_Input data_.
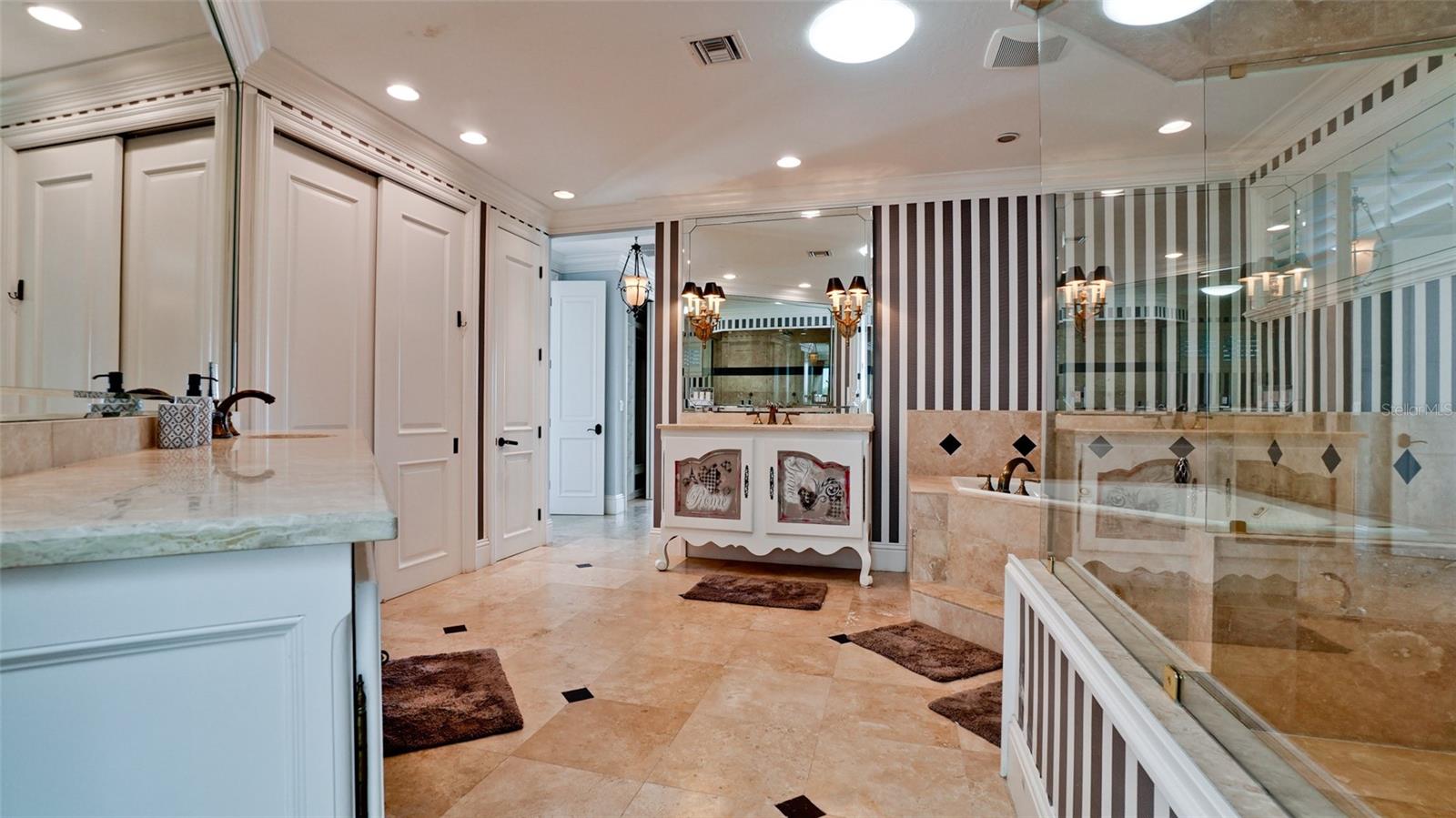 8213 MIDNIGHT PASS RD, SARASOTA, FL, 34242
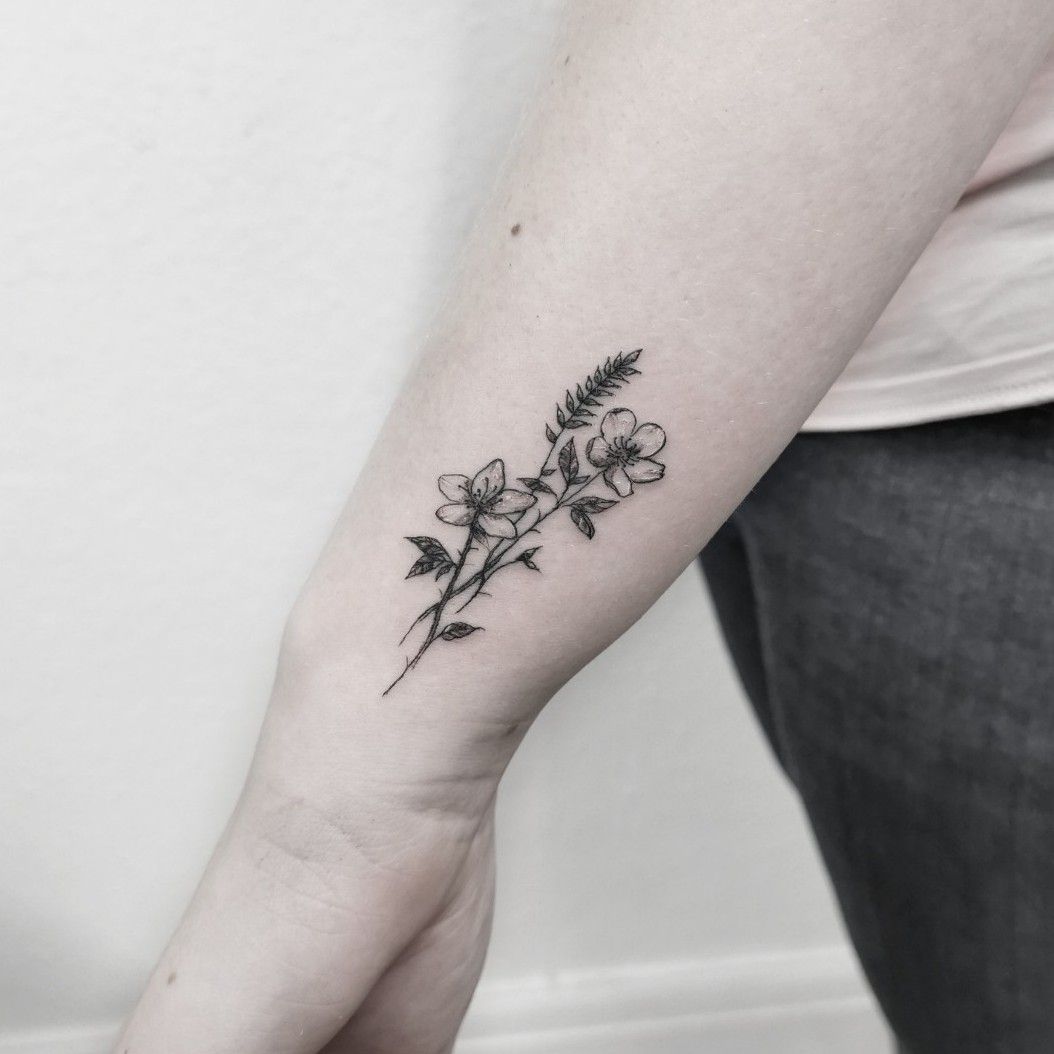 Nice collection of daisy tattoo arm Sleeve tattoo  Tattoo Ideas For Girls   Common daisy Floral design Sleeve tattoo
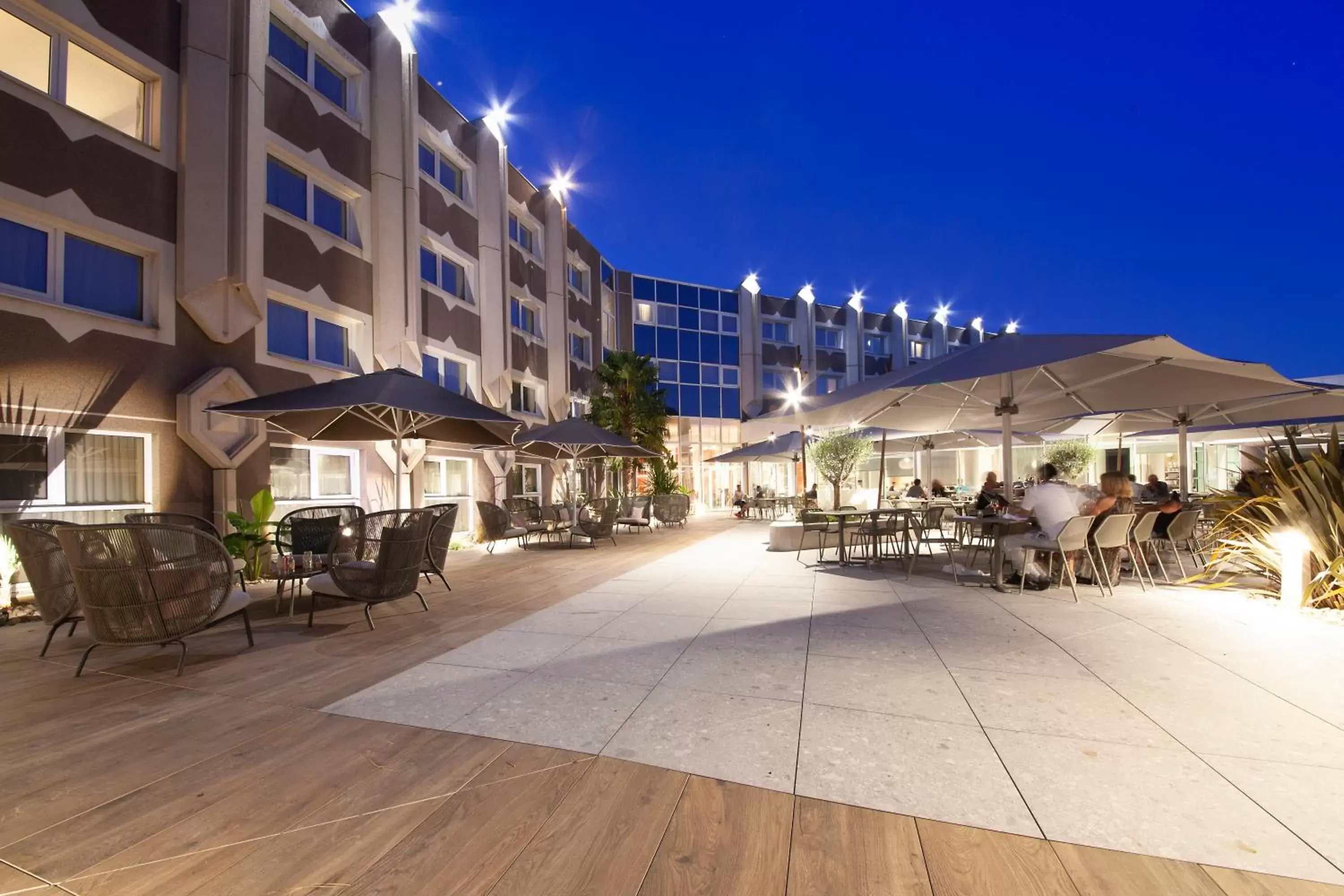 Patio in Novotel Clermont-Ferrand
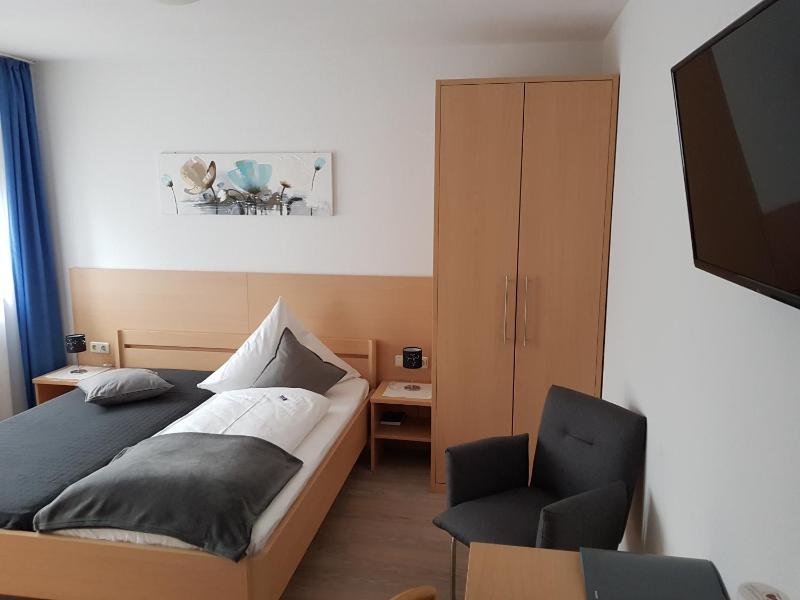 Double Room with Terrace image 2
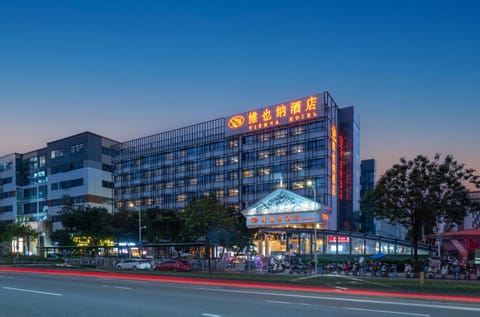 Property building, Night, City view, Location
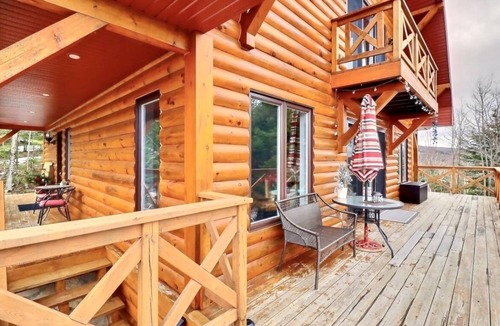 Sainte-Adele Ski Chalet | Experience Nature’s Beauty: Rent Our Charming Cottage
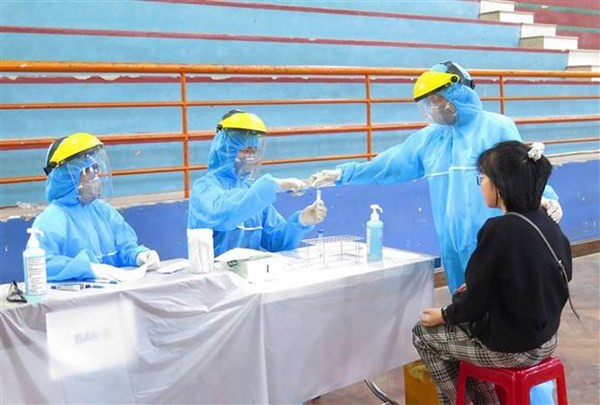 COVID-19 : le Vietnam confirme un nouveau cas de transmission locale ảnh 1 COVID-19 : le Vietnam confirme un nouveau cas de transmission locale ảnh 1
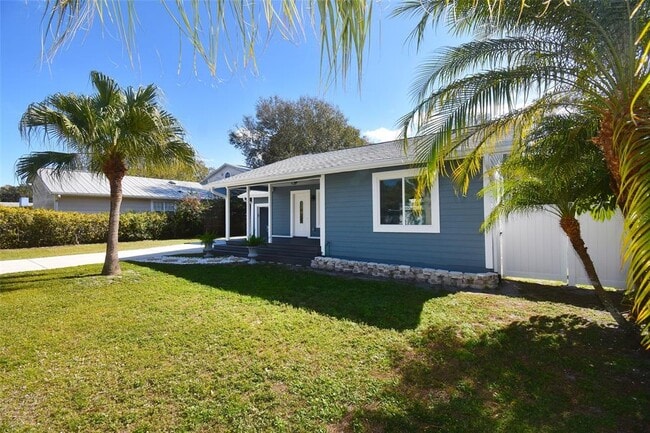 Building Photo - 2450 Hawthorne St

_What to produce_. Stop after the line containing "Property building, Night, City": copy the records exactly from the first line up to there, leaving pictures out.

_Exercise output_.
 8213 MIDNIGHT PASS RD, SARASOTA, FL, 34242
 Nice collection of daisy tattoo arm Sleeve tattoo  Tattoo Ideas For Girls   Common daisy Floral design Sleeve tattoo
 Patio in Novotel Clermont-Ferrand
 Double Room with Terrace image 2
 Property building, Night, City view, Location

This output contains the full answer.